After talking to customers and the team responsible for managing the invite user feature on iAuditor I presented to my team the following user story.
As an training manager I want to:
invite multiple people at the same time
set password to invited people
add people to teams when inviting them
set people permissions when inviting them
be able to upload an user list via CSV
be able to perform bulk actions when inviting people (e.g. set permissions and add to teams)
be able to invite people via an invite link
be able to invite people via SSO (Single sign-on).
After a team discussion we decided that the SSO would not be part of the first release.
With the user story in mind we discussed the project goal and success indicator.
Goal: allow customers to invite multiple people at the same time.
Success indicator: increase the number of organisations with 5+ users in 20%
I decided to use iAuditor's framework because most of our customers were also iAuditor's customers and their were familiar with the iAuditor's invite user flow.
I started by studying iAuditor's invite flow in order to identify its pros and cons. We decided to give customers the same options including:
Allow people to set their own passwords: users would be sent instructions on how to set up their password on invite.

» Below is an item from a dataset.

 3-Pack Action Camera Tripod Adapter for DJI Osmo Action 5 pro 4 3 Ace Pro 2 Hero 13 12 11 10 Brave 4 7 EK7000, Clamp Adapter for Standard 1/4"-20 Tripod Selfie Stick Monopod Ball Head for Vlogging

Set passwords for people: in this option there are 2 possibilities. Don't notify people or send people an email with password instructions.
Other similar features we brought from iAuditor invite flow were upload CSV and invite link.
The main difference from the iAuditor invite experience was that TT customers had to deal with a large number of invitees. My main challange was to build an UI that worked well when inviting 1 or 50 users at the same time. In terms of interactions, the UI should allow copy and paste, and perform single and bulk actions.
After exploring different templates and interactions I decided to test two prototypes using usertesting.com. I ran 5 tests per prototype.
The prototypes aimed to test:
inviting multiple people at the same time
performing single and bulk actions
setting permissions to people when inviting them
adding people to teams when inviting them.
Both prototypes had similar results. All participants were able to complete the tasks. The most commom friction was on task 3, when participants were asked to add everybody to a specific team. At first, all participants tried to select the teams on the individual level. The bulk actions were not obvious. However, when they realised that they could do the same action in bulk they appreciated the practicality of the feature.
Based on the user testing results I refined the UI making the bulk action component more prominent.
The final design allowed customers to easily invite and organise multiple people into their orgs. The new layout provided great experience idependent of the number of people been invited. It also delivered a unified experience across different screen sizes because of its responsive design.
We managed to increase the number of orgs with 5+ users in 21%. We compared the data on success indicators prior to the project launch with the data one month after the project launch.